DETAILED DESCRIPTION OF VARIOUS ASPECTS OF THIS DISCLOSURE
[0018] Various aspects of this disclosure are now described with
reference to FIGS. 1-6, it being appreciated that the figures
illustrate various aspects of the subject matter and may not be to
scale or to measure.
Module
[0019] In one aspect of this disclosure, a BNNP may include a
plurality of FPGAs and/or ASICs, which may each contain a large
number IPUs, image buffers with interconnecting buses, and control
logic, where a plurality of pattern recognition jobs may be loaded,
each into one of the plurality of the image buffers, and weights
for computing each of the nodes may be loaded into the BNNP from
external memory.
[0020] Reference is now made to FIG. 2, a diagram of an example of
a BNNP architecture. The BNNP may comprise a plurality of inner
product units (IPUs) 22. Each of the IPUs 22 may be driven in
parallel by one of a plurality of weight buses 28, which may be
loaded from a memory interface 24. Each of the IPUs 22 may also be
driven in parallel by one of a plurality of job buses 27, which may
be loaded from one of a plurality of image buffers 20. Each of the
image buffers 20 may be controlled by job control logic 21, through
an image control bus 29, which in turn may be controlled through a
job control bus 32 from data & address (D&A) control logic
25. An input/output (I/O) bus 31, may be a PCIe, Firewire,
Infiniband or other suitably high-speed bus, connected to suitable
I/O control logic 23, which may load commands and weight data into
the D&A control logic 25 or may sequentially load or unload
each of the image buffers 20 with input data or results through an
image bus 30.
[0021] To perform a batch of, for example, pattern recognition
jobs, which may initially consist of a plurality of input patterns,
one pattern per job, that may be inputted to a common neural
network with one set of weights for all the jobs in the batch, the
patterns may be initially loaded from the I/O bus 31 onto the image
bus 30 to be written into the plurality of image buffers 20, one
input pattern per image buffer, followed by commands written to the
D&A control logic 25 to begin the neural network computations.

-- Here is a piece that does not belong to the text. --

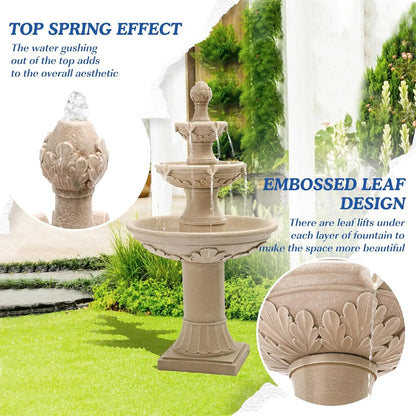 Large Cascading, Resin, Floor Standing Water Fountain, With Pump For Indoor Outdoor Patio Yard, Home Garden Decor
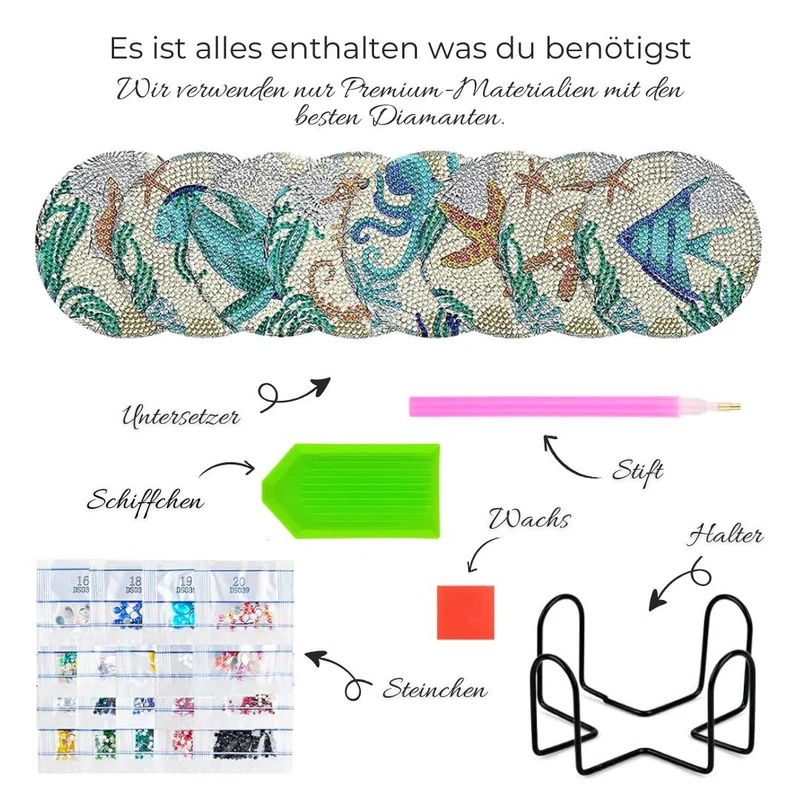 5D Diamond Painting Untersetzer Unterwasser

The D&A control logic 25 may begin the neural network
computations by simultaneously issuing burst read commands with
addresses through the memory interface 24 to external memory, which
may be, for example, double data rate (DDR) memory (not shown),
while issuing commands for each job to its respective job control
logic 21. There may be M*N IPUs in each FPGA, where each of M jobs
may simultaneously use N IPUs to calculate the values of N nodes in
each layer (where M and N are positive integers). This may be
performed by simultaneously loading M words, one word from each
job's image buffer 20, into each job's N IPUs 22, while inputting N
words from the external memory, one word for each of the IPUs 22 in
all M jobs. This process may continue until all the image buffer
data has been loaded into the IPUs 22, after which the IPUs 22 may
output their results to each of their respective job buses 27,
which may be performed one row of IPUs 22 at a time, for N cycles
to be written into the image buffers 20. To compute one layer of
the neural network, this process may be repeated until all nodes in
the layer have been computed, after which the original inputs may
replaced with the results written into the image buffer, and the
next layer may be computed until all layers have been computed,
after which the neural network results may be returned through the
I/O control logic 23 and the I/O bus 31.
[0022] Therefore, according to one aspect of the present
disclosure, a method for performing batch neural network processing
may be as follows: [0023] a) Load each of up to N input banks of
respective image buffers with up to M jobs of neural network
inputs, one job per image buffer; [0024] b) Simultaneously read M
node weights for a given layer of neural network processing from
external memory and write each node weight to a respective row of N
IPUs, while loading a corresponding job input into M IPUs connected
from each image buffer's input bank; [0025] c) In each IPU,
multiply the input with the weight and add the product to a result;
[0026] d) Repeat b) and c) for all inputs in the image buffer's
input bank; [0027] e) For each of M IPUs connected to each image
buffer, output the respective IPU's result to the image buffer's
output bank, one result at a time; [0028] f) Repeat b), c), d) and
e) for all nodes in the layer; [0029] g) Exchange each image
buffer's input bank with its output bank, and repeat b), c), d),
e), and f) for all layers in the neural network; and [0030] h)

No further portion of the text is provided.